Five banks have been fined a collective €1.07 billion by the European Commission for running a “cartel” that manipulated foreign exchange rates for financial gain.
The European Commission announced on Thursday that it had issued fines worth a collective €1.07 billion to JP Morgan, RBS, Citigroup, Barclays and MUFG for rigging currency markets for financial gain. Worst hit were RBS and Citi, which both must pay €310 million.
The Commission’s 5-year long investigation revealed that individual FX traders at the banks had created a “spot trading cartel” that was powerful enough to manipulate the market values of currencies. The traders used online chatrooms to share sensitive information relating to internal FX positioning and details of upcoming trades, and perhaps most crucially, customer orders.
The use of customer order information is among the most serious forms of “insider dealing” because it is frequently used in a manner that goes against the customer’s own interests as part of “front running” — the practice of placing internal trades before sending large, market-moving customer orders to market.
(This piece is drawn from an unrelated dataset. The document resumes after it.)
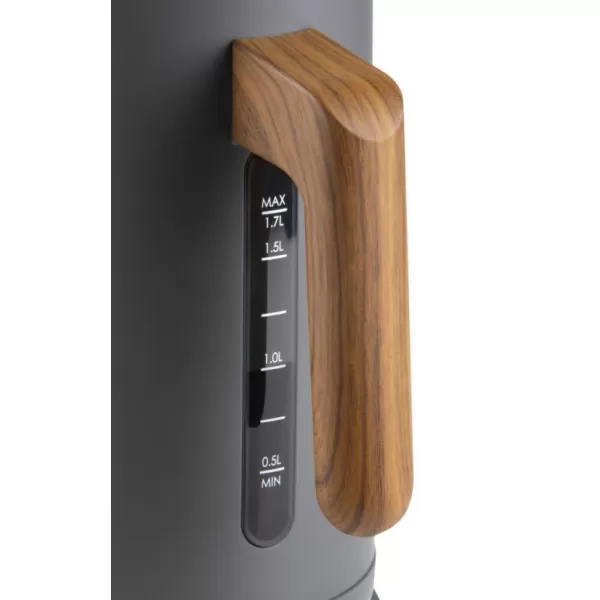 Rychlovarná konvice nerez WOOD YOU DOMO DO9268WK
In the Commission’s own words, data shared among traders “enabled them to make informed market decisions on whether to sell or buy the currencies they had in their portfolios and when.”
Leading the investigation was Margrethe Vestager, who is quoted in the Commission’s press release as saying: “These cartel decisions send a clear message that the Commission will not tolerate collusive behavior in any sector of the financial markets.” She was too kind when she said that the banks had “undermined the integrity of the sector.”
The foreign exchange market is worth $5 trillion a day, making it the world’s largest financial market, and is the pillar on which all international trade and investing relies.
Fines by the European Commission are for infringements between December 2007 and January 2013 and follow those imposed for similar offences in 2014 by the UK’s FCA and two US regulators, the OCC and CFTC.